Le parcours personnel de Ramírez a profondément influencé ses recherches. Le fait d’être témoin de la lutte de sa mère contre des crises de panique l’a incité à explorer une approche directe et scientifiquement fondée pour atténuer ces conditions débilitantes. Lui et son équipe visaient à activer artificiellement des souvenirs positifs pour contrecarrer les symptômes de l’anxiété et de la dépression.

Une approche de la mémoire centrée sur le cerveau

Le cœur du projet consistait à influencer directement le cerveau pour rétablir l’équilibre. Ramirez et son partenaire de laboratoire, Xu Liu, ont cherché à contrôler la mémoire chez les rongeurs, en s’inspirant des recherches psychologiques sur « l’effet dévastateur des émotions positives » menées par Barbara Fredrickson et ses collègues. Cette recherche a démontré que les émotions positives peuvent contrecarrer physiologiquement les impacts négatifs du stress sur le cerveau et le corps.

Rétablir l’équilibre grâce à des souvenirs positifs

Pour tester ce concept, Ramirez et Liu ont conçu une expérience impliquant des rongeurs. Les animaux étaient placés dans une boîte dotée de deux valves : l’une distribuait de l’eau sucrée et l’autre de l’eau ordinaire. En règle générale, les rongeurs montrent une préférence pour l’eau sucrée, mais ceux qui présentent des comportements de type anxieux ou dépressifs démontrent souvent une préférence aléatoire entre les deux valves.

L’innovation cruciale de l’équipe de recherche a été d’utiliser l’optogénétique – une technique qui utilise la lumière pour contrôler les neurones génétiquement modifiés – pour réactiver les souvenirs positifs. En ciblant les cellules de l’hippocampe, une région du cerveau vitale pour la mémoire, ils pourraient « réveiller » ces souvenirs. Comme le dit Ramirez, il s’agissait d’une « madeleine proustienne sophistiquée et high-tech », évoquant les riches souvenirs du passé.

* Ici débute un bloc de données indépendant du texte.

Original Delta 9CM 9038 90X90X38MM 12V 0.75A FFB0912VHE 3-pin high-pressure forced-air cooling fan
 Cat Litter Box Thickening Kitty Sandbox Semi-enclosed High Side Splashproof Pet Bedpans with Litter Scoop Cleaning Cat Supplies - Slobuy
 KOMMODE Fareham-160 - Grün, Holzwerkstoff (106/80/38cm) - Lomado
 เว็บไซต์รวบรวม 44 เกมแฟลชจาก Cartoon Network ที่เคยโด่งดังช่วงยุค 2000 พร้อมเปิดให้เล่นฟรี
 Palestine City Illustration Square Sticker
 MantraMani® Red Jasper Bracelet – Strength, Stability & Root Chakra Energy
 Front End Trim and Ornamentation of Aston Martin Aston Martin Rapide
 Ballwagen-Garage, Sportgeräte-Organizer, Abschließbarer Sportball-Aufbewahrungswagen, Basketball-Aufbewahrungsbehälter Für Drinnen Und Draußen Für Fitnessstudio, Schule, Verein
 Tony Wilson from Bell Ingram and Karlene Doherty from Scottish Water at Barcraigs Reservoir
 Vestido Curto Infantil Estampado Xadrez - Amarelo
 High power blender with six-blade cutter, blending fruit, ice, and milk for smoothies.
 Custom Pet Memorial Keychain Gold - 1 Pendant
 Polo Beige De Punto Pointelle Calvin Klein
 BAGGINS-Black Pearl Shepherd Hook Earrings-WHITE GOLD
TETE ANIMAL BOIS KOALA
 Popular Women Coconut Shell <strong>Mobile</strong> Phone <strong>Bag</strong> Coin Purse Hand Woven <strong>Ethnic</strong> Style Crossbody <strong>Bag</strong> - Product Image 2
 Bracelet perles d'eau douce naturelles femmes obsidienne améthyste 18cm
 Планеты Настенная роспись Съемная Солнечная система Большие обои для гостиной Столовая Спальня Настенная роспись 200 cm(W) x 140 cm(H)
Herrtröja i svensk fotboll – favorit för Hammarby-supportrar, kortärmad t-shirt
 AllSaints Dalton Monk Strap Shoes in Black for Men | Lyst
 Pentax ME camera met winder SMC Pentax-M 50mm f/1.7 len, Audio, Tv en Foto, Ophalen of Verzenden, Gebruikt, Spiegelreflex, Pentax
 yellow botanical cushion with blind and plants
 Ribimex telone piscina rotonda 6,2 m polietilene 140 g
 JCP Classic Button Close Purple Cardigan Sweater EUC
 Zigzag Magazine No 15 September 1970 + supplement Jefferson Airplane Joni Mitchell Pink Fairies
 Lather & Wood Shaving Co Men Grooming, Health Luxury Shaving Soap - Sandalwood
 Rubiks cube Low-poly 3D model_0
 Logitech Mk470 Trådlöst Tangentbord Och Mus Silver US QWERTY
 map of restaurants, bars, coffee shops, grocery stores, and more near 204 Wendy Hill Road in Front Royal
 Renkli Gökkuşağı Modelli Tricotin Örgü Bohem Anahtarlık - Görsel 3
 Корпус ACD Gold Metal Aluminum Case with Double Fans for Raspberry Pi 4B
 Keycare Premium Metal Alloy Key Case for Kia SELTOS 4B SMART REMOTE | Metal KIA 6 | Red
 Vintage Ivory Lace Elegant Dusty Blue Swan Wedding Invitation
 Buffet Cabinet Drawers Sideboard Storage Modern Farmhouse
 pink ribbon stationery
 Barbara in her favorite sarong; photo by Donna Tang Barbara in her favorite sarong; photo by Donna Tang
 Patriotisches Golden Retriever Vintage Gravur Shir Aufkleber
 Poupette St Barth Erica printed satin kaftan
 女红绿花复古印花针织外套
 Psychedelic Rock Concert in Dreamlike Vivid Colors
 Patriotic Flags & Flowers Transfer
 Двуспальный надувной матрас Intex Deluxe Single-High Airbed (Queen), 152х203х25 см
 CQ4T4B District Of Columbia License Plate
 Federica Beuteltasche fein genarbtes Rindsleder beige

L’effet fut remarquable. Lorsque le laser a stimulé des souvenirs positifs, les souris se sont réveillées, scrutant leur environnement et choisissant rapidement la valve contenant de l’eau sucrée. En une heure, la réactivation des souvenirs positifs a rétabli le comportement des animaux à un niveau de base sain, déclenchant également les zones cérébrales associées à la récompense et à la motivation.

Avantages à long terme et voie à suivre

Des recherches plus approfondies, menées par Briana Chen, étudiante de premier cycle, ont révélé des résultats encore plus impressionnants. La réactivation chronique de souvenirs positifs deux fois par jour pendant environ une semaine a non seulement atténué les symptômes d’anxiété et de dépression, mais a également favorisé la croissance de nouvelles cellules dans le cerveau, démontrant des avantages à court et à long terme.

Inspirée par les Research Domain Criteria (RDoC), une approche neurocentrique du traitement de la santé mentale, l’équipe a envisagé de combiner leurs découvertes biologiques avec des thérapies cognitivo-comportementales pour développer des interventions plus efficaces.

Une mémoire personnelle et le pouvoir de la connexion

Ramirez s’appuie également sur son expérience personnelle pour illustrer le pouvoir des souvenirs positifs. Il raconte un souvenir d’enfance avec sa mère, un moment charnière où ils ont vaincu ensemble son vertige en sautant dans un étang d’un village au Salvador. Cette mémoire, riche en composantes cognitives et émotionnelles, incarne le potentiel des souvenirs à remodeler nos perspectives et à nous fournir une force durable.

Les souvenirs positifs font partie des outils biologiques les plus puissants disponibles dans notre cerveau.

Les recherches de Ramirez offrent un aperçu fascinant des possibilités de manipulation de la mémoire pour améliorer le bien-être mental, soulignant le lien profond entre la mémoire, les émotions et la santé cérébrale. En fin de compte, l’étude met en évidence la possibilité d’exploiter les propres ressources du cerveau pour soulager la souffrance et promouvoir la résilience.